▶ **Activity**
Each entry must be output once more without any change.

▶ **Supplied material**
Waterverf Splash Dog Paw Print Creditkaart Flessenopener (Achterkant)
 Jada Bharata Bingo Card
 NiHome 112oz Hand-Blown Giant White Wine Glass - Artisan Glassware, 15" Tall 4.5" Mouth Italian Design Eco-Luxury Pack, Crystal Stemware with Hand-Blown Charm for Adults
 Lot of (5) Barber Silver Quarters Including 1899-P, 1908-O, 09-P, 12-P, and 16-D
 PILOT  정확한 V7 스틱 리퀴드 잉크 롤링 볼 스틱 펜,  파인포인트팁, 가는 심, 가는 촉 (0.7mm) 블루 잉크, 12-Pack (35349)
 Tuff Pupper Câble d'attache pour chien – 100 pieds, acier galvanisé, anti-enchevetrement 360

▶ **Answer to this exercise**
Waterverf Splash Dog Paw Print Creditkaart Flessenopener (Achterkant)
 Jada Bharata Bingo Card
 NiHome 112oz Hand-Blown Giant White Wine Glass - Artisan Glassware, 15" Tall 4.5" Mouth Italian Design Eco-Luxury Pack, Crystal Stemware with Hand-Blown Charm for Adults
 Lot of (5) Barber Silver Quarters Including 1899-P, 1908-O, 09-P, 12-P, and 16-D
 PILOT  정확한 V7 스틱 리퀴드 잉크 롤링 볼 스틱 펜,  파인포인트팁, 가는 심, 가는 촉 (0.7mm) 블루 잉크, 12-Pack (35349)
 Tuff Pupper Câble d'attache pour chien – 100 pieds, acier galvanisé, anti-enchevetrement 360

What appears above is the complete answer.